**What the task requires**
Make an exact copy of the listing so that no picture is carried over.

**Material provided**
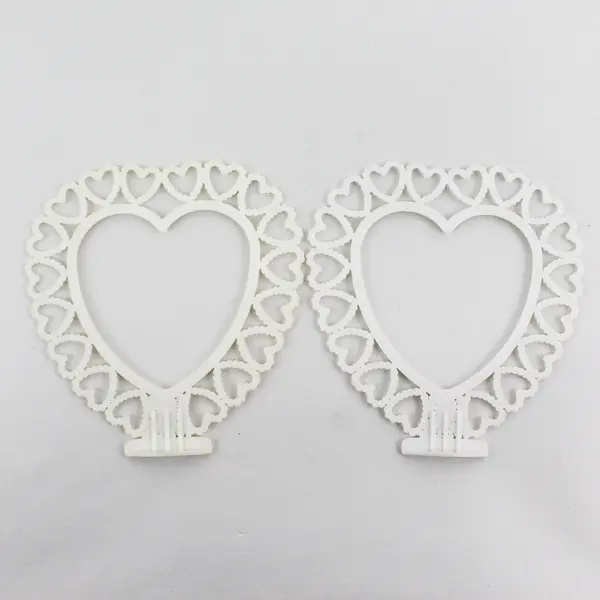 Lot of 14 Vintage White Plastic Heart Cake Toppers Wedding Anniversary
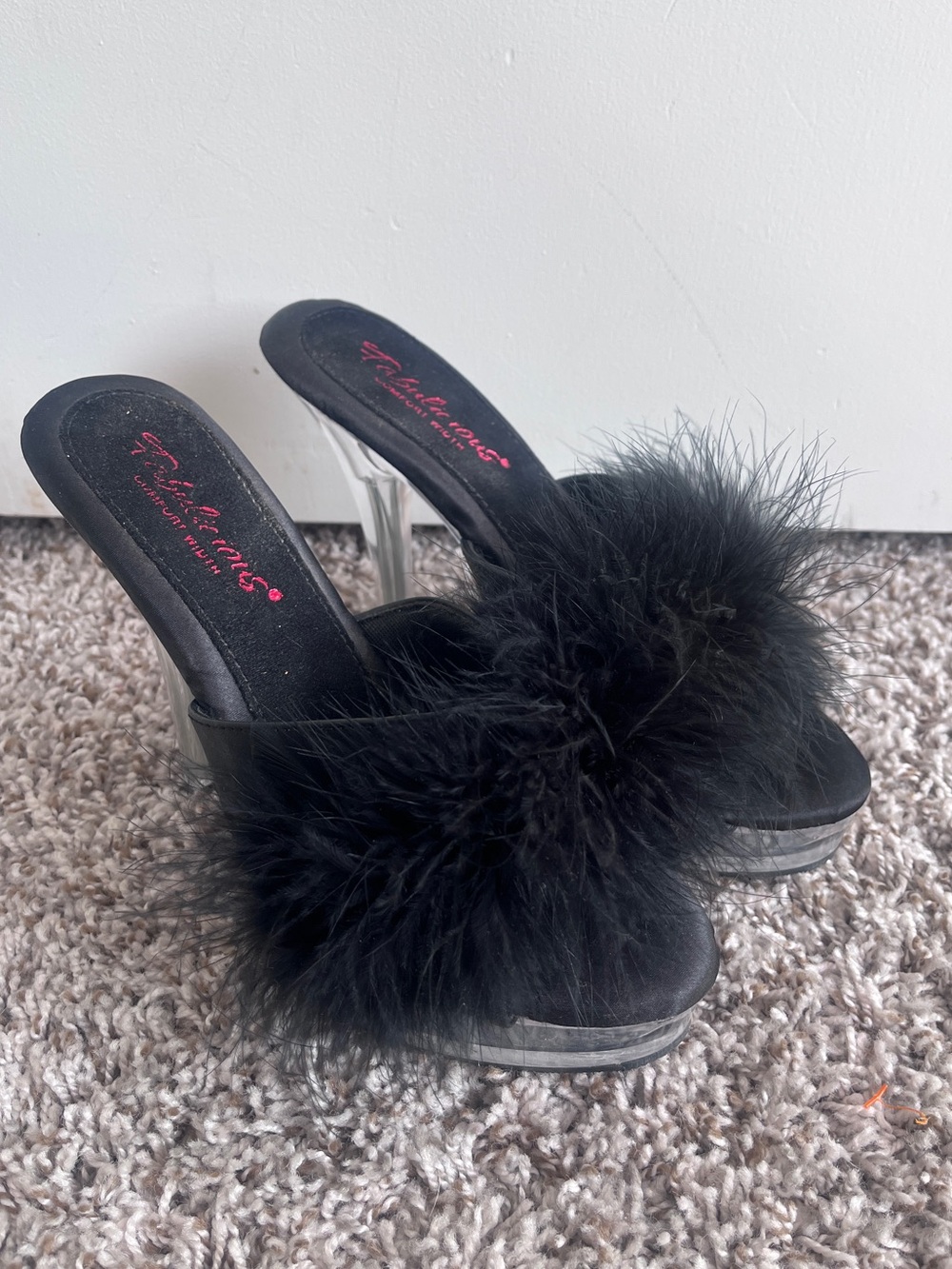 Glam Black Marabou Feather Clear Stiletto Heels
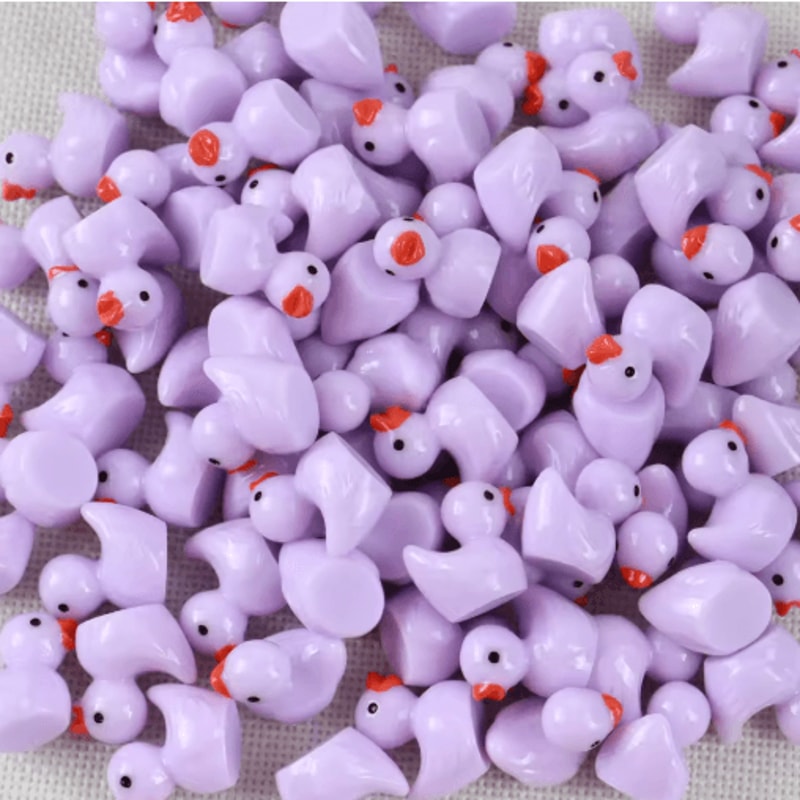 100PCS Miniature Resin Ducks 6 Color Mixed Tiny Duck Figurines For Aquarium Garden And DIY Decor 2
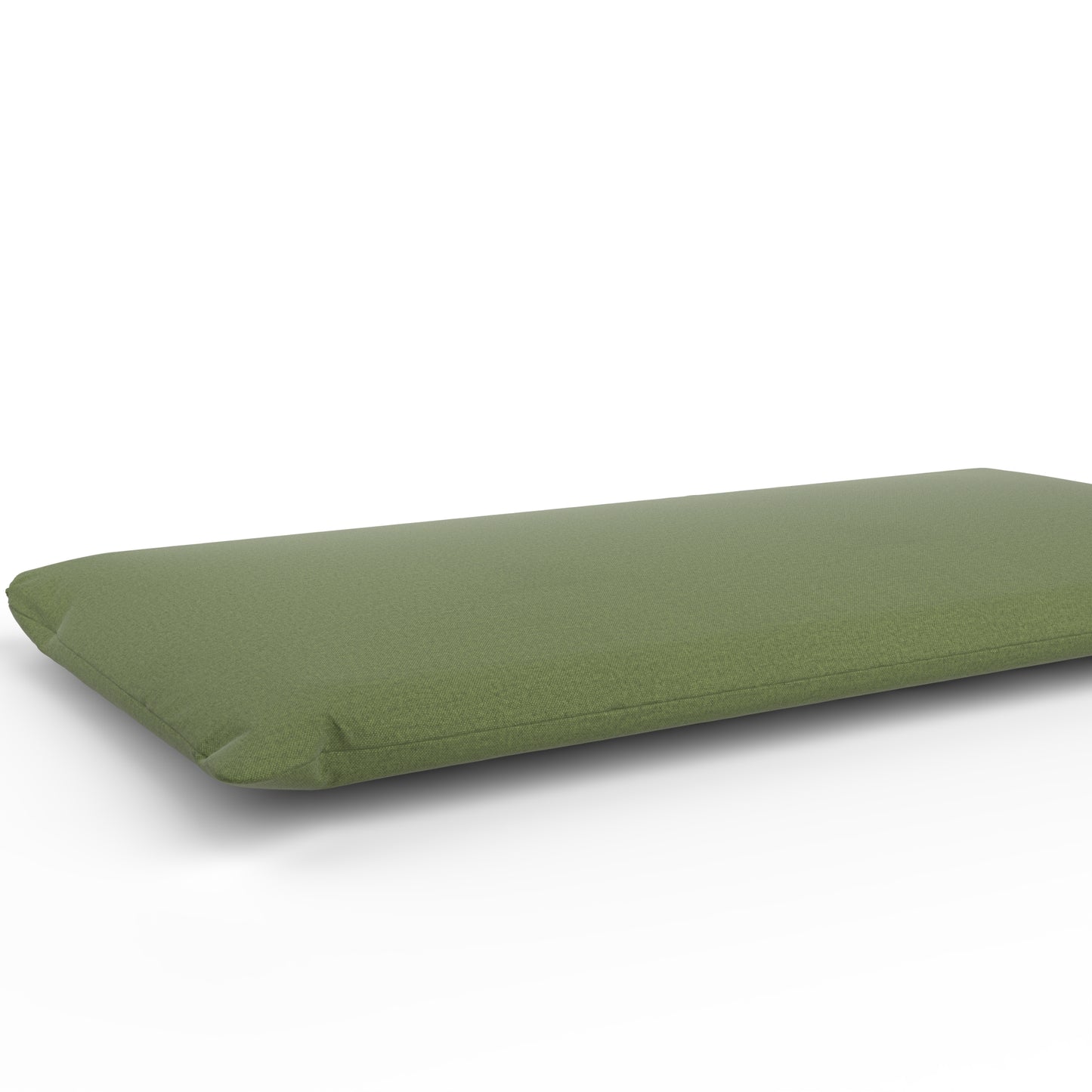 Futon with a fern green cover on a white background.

**Response**
 Lot of 14 Vintage White Plastic Heart Cake Toppers Wedding Anniversary
 Glam Black Marabou Feather Clear Stiletto Heels
 100PCS Miniature Resin Ducks 6 Color Mixed Tiny Duck Figurines For Aquarium Garden And DIY Decor 2
 Futon with a fern green cover on a white background.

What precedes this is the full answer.